## Problem statement
Once the line holding "Штапель Премиум (Digital)" appears, repeat it and each line after it to the end of the data, exactly and with nothing else; pictures stay out.

## Material for this task
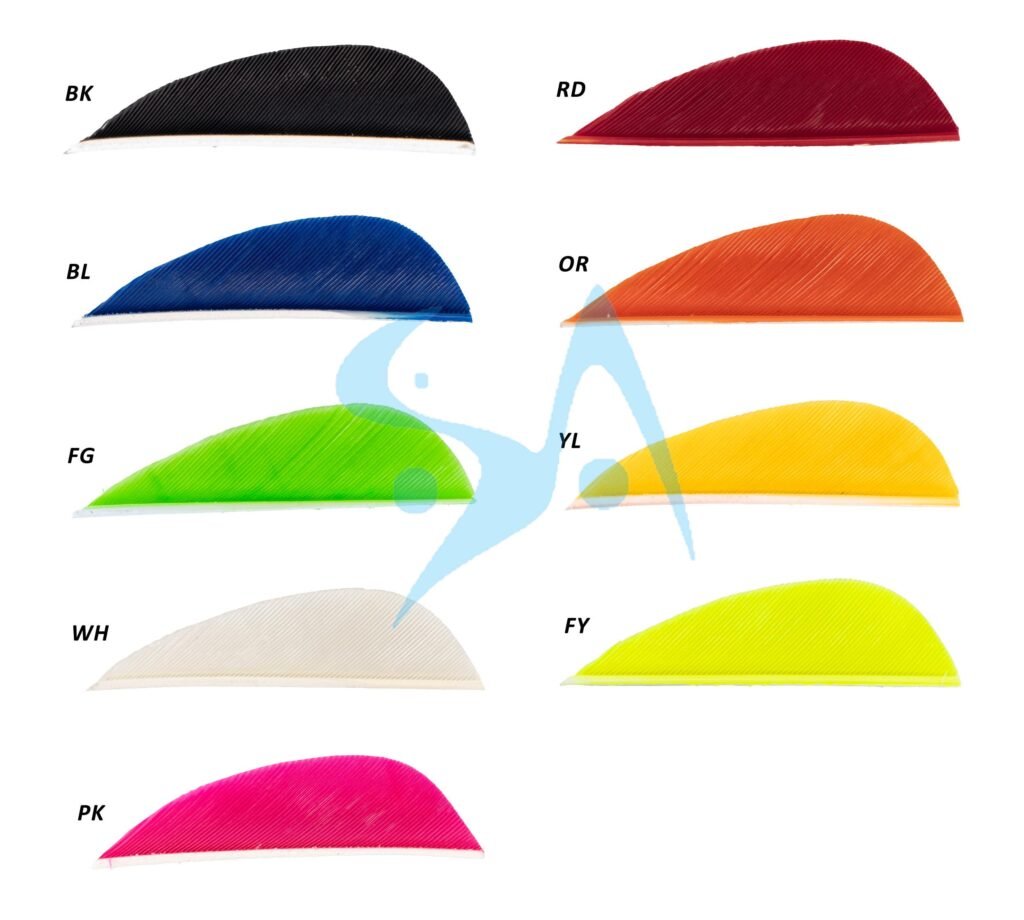 PLUMES - 2" PARABOLIC SOLID COLOR (UNIE)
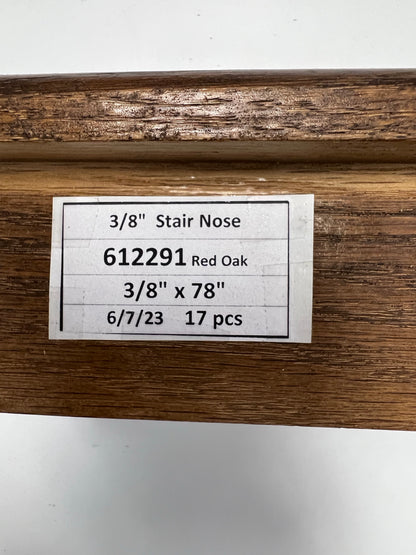 Stair Nose_Solid Wood 612291 Red Oak Umber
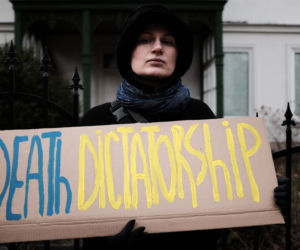 Manifestacja pod konsulatem Rosji w Gdańsku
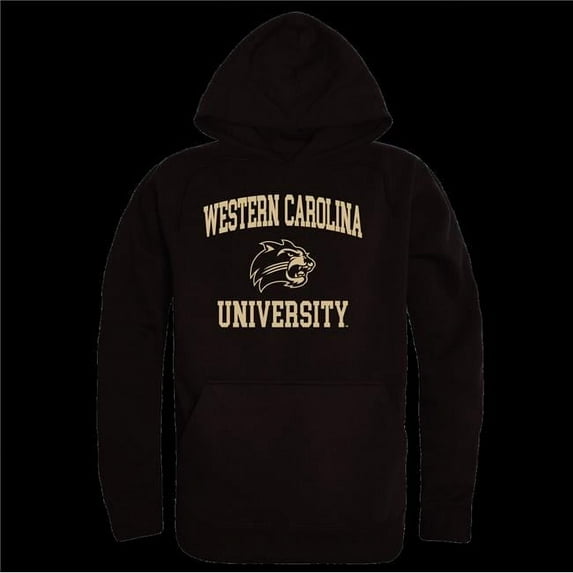 Western Carolina University Catamounts Seal Hoodie, Black - Small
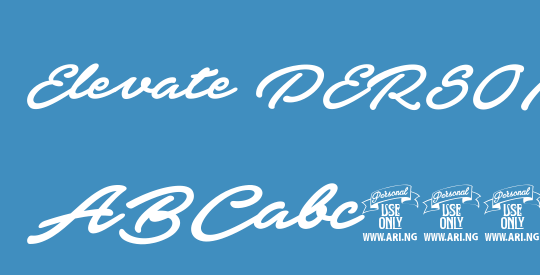 Elevate PERSONAL USE ONLY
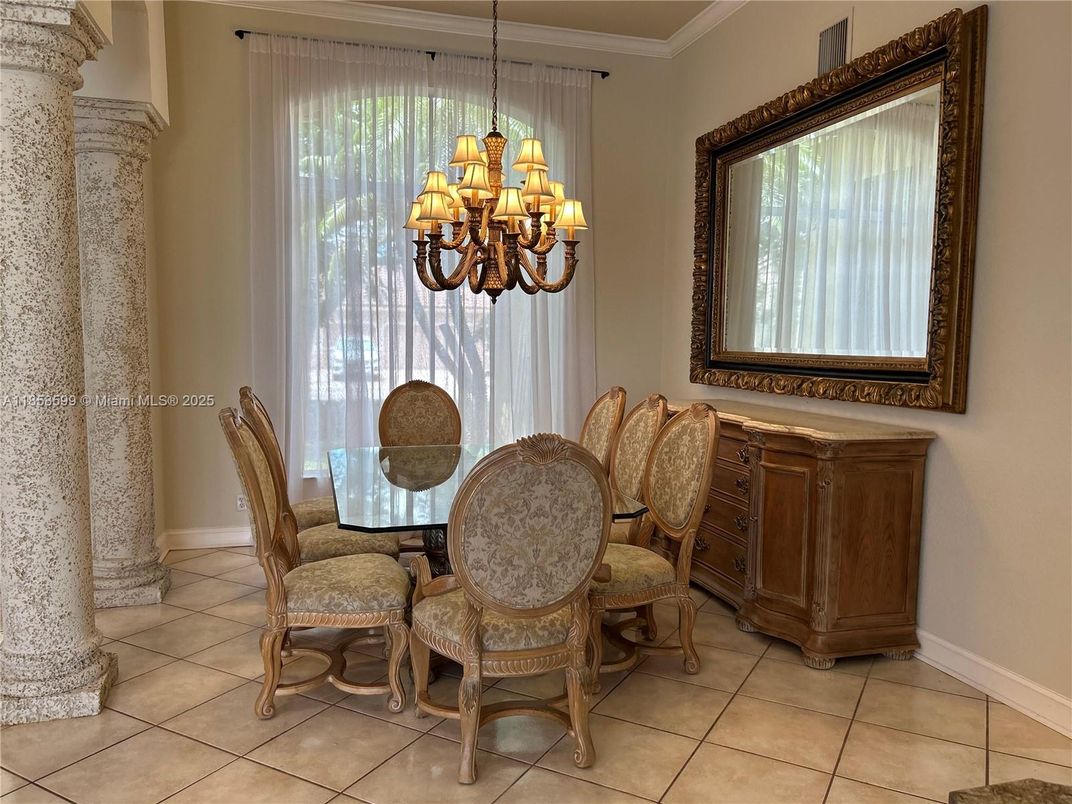 Chandelier, Dining room, Interior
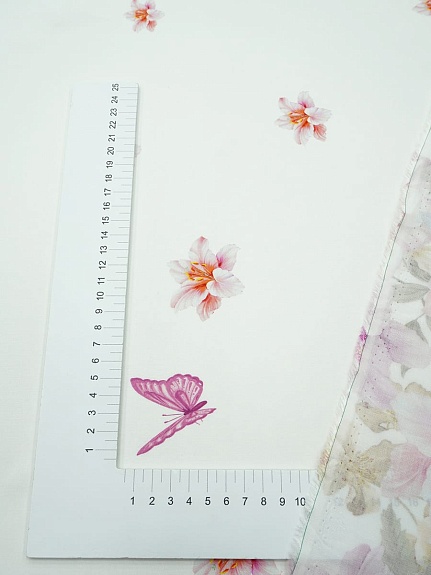 Штапель Премиум (Digital) "Летние мечты", ш.1.45м, вискоза-100%, 110гр/м.кв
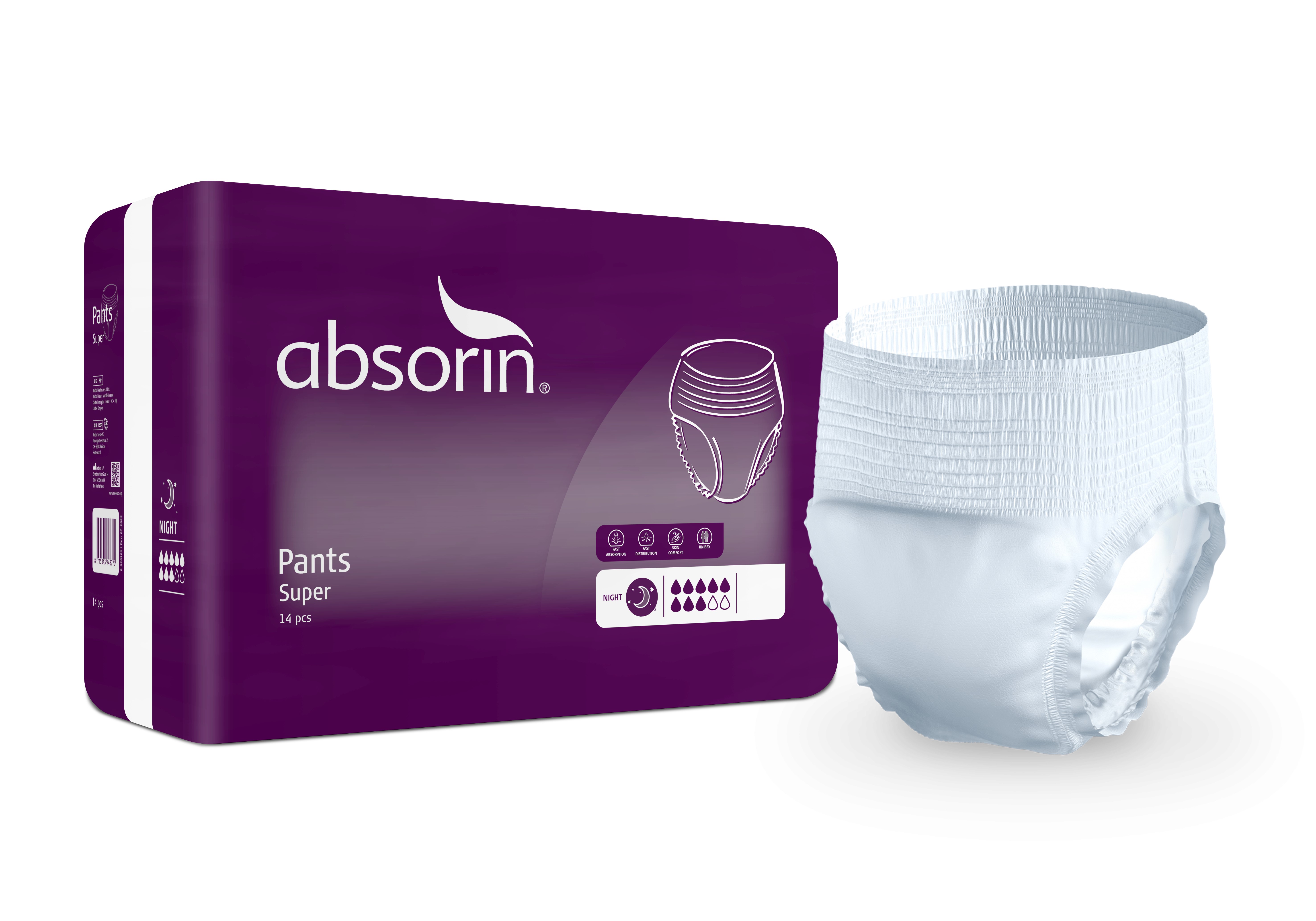 Absorin Comfort pants 2x-large omtrek 195cm Super 11 st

## Solution to the problem
 Штапель Премиум (Digital) "Летние мечты", ш.1.45м, вискоза-100%, 110гр/м.кв
 Absorin Comfort pants 2x-large omtrek 195cm Super 11 st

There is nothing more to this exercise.